Hornby & Denman Islands Pursuing Fibre-Optic Networks | William Thomas Online | William Thomas

Hornby & Denman Islands Pursuing Fibre-Optic Networks 

Fibre-optic cable carries zero radiation, interference-free unlimited bandwidth internet, phone, tv

Fibre-optic cable carries zero radiation, interference-free, unlimited bandwidth internet, phone, tv    

Breaking News

Nov. 4, 2019





By William Thomas



Prepared to fight off 5G at yesterday’s historic meeting to decide on improved internet delivery, the standing-room gathering on Hornby was stunned and delighted to learn that based on survey results, a consultant has been hired and the hunt is on to find hard-wired internet solutions for both sister islands.

     “It is apparent that the community only wants to look at fibre,” says HICEEC Economic Enhancement Officer, Karen Ross, after three-quarters of respondents to a Hornby Island Community Economic Enhancement Corp. survey called for a fibre-optic-only solution to Hornby’s dismal internet service.

     Currently, 95% of Hornby islanders – including most  businesses conducted online – are hobbled by internet “speeds” at less than half federally-mandated standards.

     “I was thrilled” with yesterday’s meeting on Hornby, the connectivity-facilitator told this reporter for the Islands Grapevine. “The questions were intelligent. Doubters were reassured.”

     After the lengthy Hornby session, a similar meeting followed on Denman. “Fibre-optic is all that’s being considered,” Ross confirmed.

     Also presenting was Darren Dohfer, the telecom specialist with Baylinks Networks retained by HICEEC to devise specific implementation strategies.

     With costs almost “equally split” between both islands, total project price will range from $10- to $12 million for full fibre-optic connection – including phone, internet, email and TV – to every residence on Denman and Hornby, Ross said.

     Initial hookup will be free. Service subscriptions will be optional.

     Provincial and federal funding is available to qualifying communities for 75% of total costs. Besides demonstrating need, “an enthusiastic, forward-thinking community” is vital for funding approval, Ross said.

     Regarding network service providers, “We are staying open to all options,” she added.

     Though Telus could provide a complete fibre-optic financing, installation and service package, that New York City-based corporation’s initial numbers are much higher than preliminary estimates from Baylinks. Five BC-based Internet Service Providers could be approached for initial funding and day-to-day operations, Dohfer suggested.

     With an estimated $80/month household subscription fee, back-of-the-envelope calculations show that the $2.5 million to $3 million loan needed to top-up government funding could be returned within three years.

     Hornby Island’s earlier fierce resistance to the forced imposition of smart meters, and our community’s more recent defeat of Telus’ proposed millimetre-frequency tower, have made it clear that wireless networks are not the way to go here. 

     But the real motivator is fibre-optic’s considerable  advantages, not wireless opposition.
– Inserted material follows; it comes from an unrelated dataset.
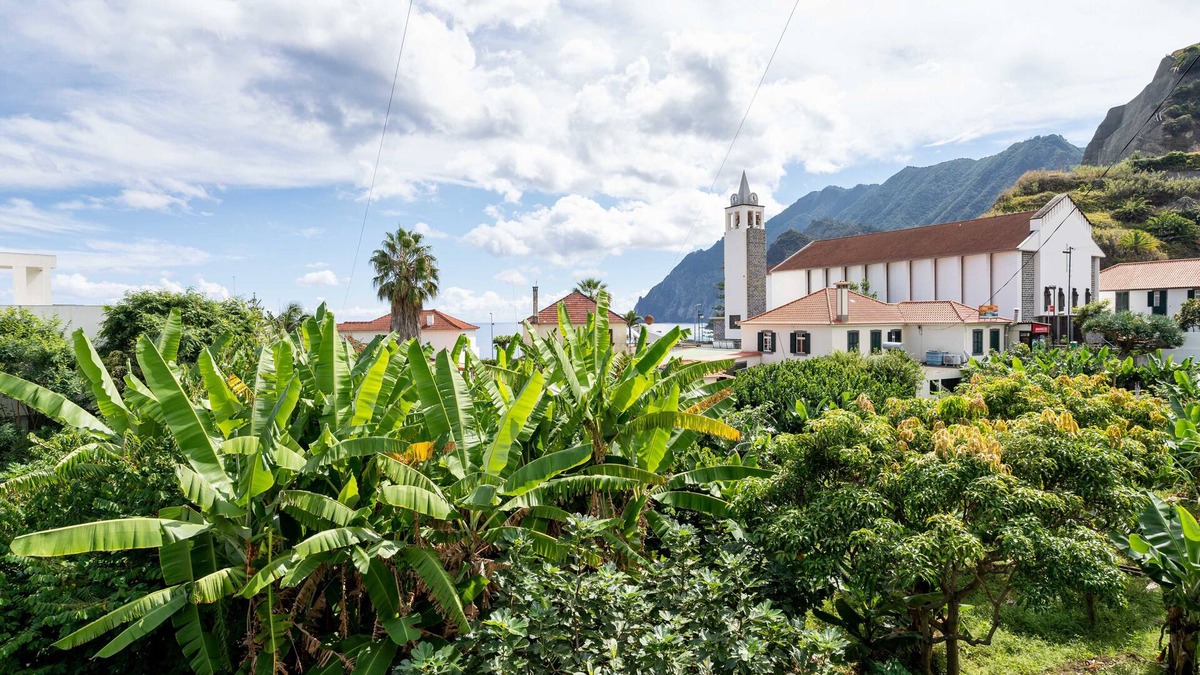 Porto da Cruz Apartment | In the village, between the sea and the mountains - Madeira Surf Camp III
This radiation-and-interference-free, all-in-one, phone and digital delivery network is clearly superior to 5G, which is running into increasing worldwide pushback against its zero health studies and anti-community policies. 


“You will receive a continent’s worth of data over a fibre smaller than a human hair,” Dohfer promised attendees – with very much cleaner and faster download and upload speeds than any next-Gen wireless network can dream of delivering.
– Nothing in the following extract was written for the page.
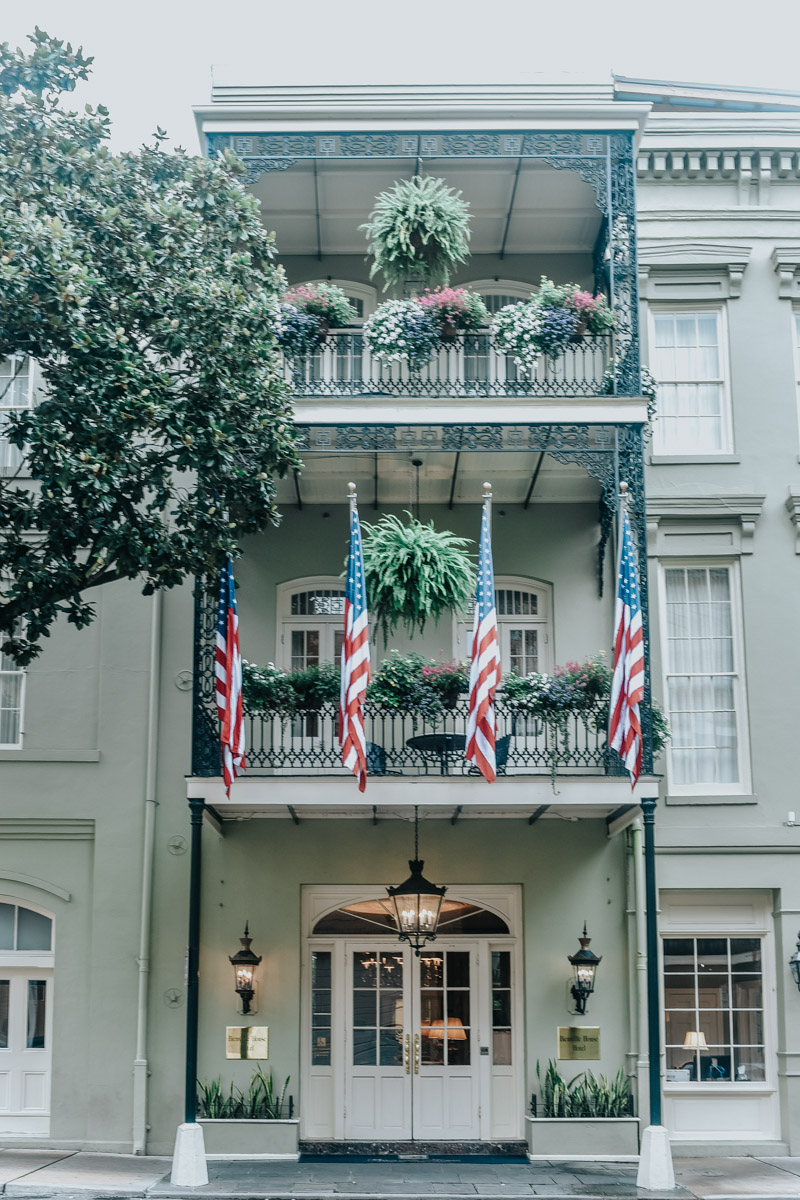 Review of the Bienville House New Orleans in the New Orleans French Quarter.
     Offering unlimited bandwidth, the new fibre network will require little maintenance and no upgrades over the next 50 years.

     Dohfer’s show-and-tell included spools of armoured fibre-optic cable. With BC’s ancient copper-wired grid disintegrating, water ingress and deterioration of buried glass cables will not be a factor. And we’re not talking wine glasses. “You could drop a tank on it and not break it,” this veteran fibre-optic installer asserted.

     If a falling tree severs an overhead fibre-optic line, a short video showed how it can be quickly “welded” back together, with no splicing necessary. Alternately, a small wheeled machine buries cable 2-feet under compatible soils as fast as it can be directed by hand. 

     So far, fibre-savvy Telus is pricing itself out of the running. The meeting was told that Kaslo’s community-owned fibre network has been operating for two years in the Kootenays with no glitches.

     “Audiences on both islands were very warm to doing it ourselves,” Karen Ross observed. But she warned it could be “an uphill battle” to capitalize an island-owned network.

     “There’s also a risk factor if people won’t switch over,” from their current lousy service,     she added. Hard to believe, since every residence on both islands would be hard-wired directly to the devices inside, with no sign-up charge. And phone numbers will remain the same.

     But email addresses will change with a new ISP, and some people may not want to do this, Ross noted.

     Once funding is in place, it will take two years to completely tie both islands to the existing fibre-optic “backbone” on Vancouver Island. Fibre hubs are already in place on both islands, and each home will go “live” as soon as its connection is completed.

     “It will be an economic decision in the end how to proceed, who to go with,” Ross concluded. The next community connectivity meetings on Denman and Hornby will present detailed business options in two- to three-months.